Underneath its hood, DB9 boasts the latest version of Aston Martin's proven 5.9-liter V12 engine. Essentially a detuned version of the Vanquish supercar's mill, the DB9's unit serves up 510 horsepower along with 457 lb-ft of torque. The zero-to-sixty mph sprint is achieved in the mid-four-second range, which is roughly a second behind the pace of some competing models.
The engine mates exclusively to a six-speed automatic transmission that shifts smoothly but more slowly than the dual clutch boxes used by many of the DB9's rivals. Aston Martin recently eliminated the more sporting manual transmission option; those looking for a proper three-pedal gearbox will have to settle for either the V8 or V12 Vantage.
The DB9 continues to utilize Aston Martin's flexible and lightweight "Vertical/Horizontal" architecture, which is constructed from aluminum. The suspension was recently optimized for improved handling and includes an active damping system with Comfort and Sport modes. Even with the latter engaged, the ride remains compliant and there's more body roll than would be found in a true sports car. However, the handling is pleasantly responsive overall.
Inside, the DB9 is simply sumptuous, with soft leather, alloy trim and other high-quality materials covering nearly every surface. The tasteful dashboard layout hasn't changed much since the car's introduction, although the climate and entertainment system controls were recently redesigned for greater ease of use. A wide variety of different leather, wood and carbon fiber options can be specified, and color choices are also nearly infinite. There's plenty of room for the driver and passenger up front, but the rear seats are for extremely small children only.

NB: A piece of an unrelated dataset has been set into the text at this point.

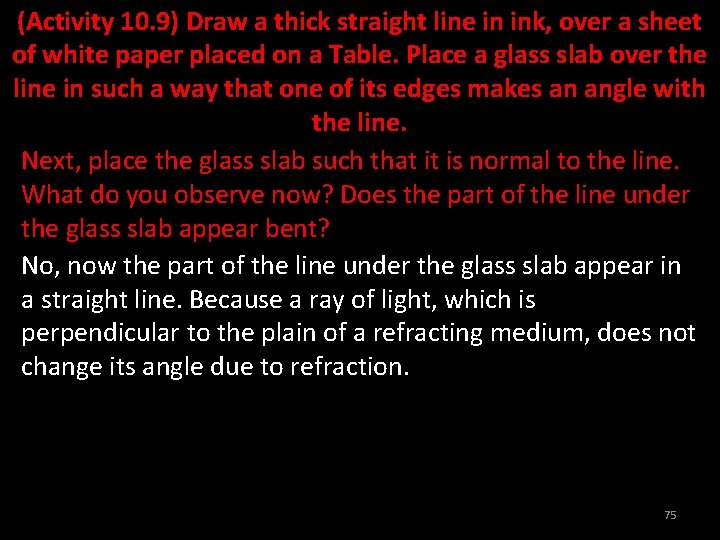 (Activity 10. 9) Draw a thick straight line in ink, over a sheet of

Standard and Optional Features
Standard features include leather upholstery, a navigation system, a premium AM/FM/CD sound system with AUX and USB input jacks, heated front seats, front and rear parking sensors, Bluetooth connectivity, a trunk-mounted umbrella, xenon headlights and 19-inch alloy wheels.
Besides an available Bang & Olufsen surround-sound system, there's also a small galaxy of exterior and interior color schemes and interior trim options to choose from.
All Aston Martin DB9 models come standard with dual front, dual side and full-length side curtain airbags in addition to traction and stability control systems and electronic brakeforce distribution.
The DB9 faces competition from powerful yet luxury-oriented grand tourers like the Bentley Continental GT, Maserati GranTurismo S and Mercedes-Benz CL65 AMG. Each possesses a distinct character derived from its country of origin, and discerning individuals with sufficient means are highly encouraged to simply purchase all four.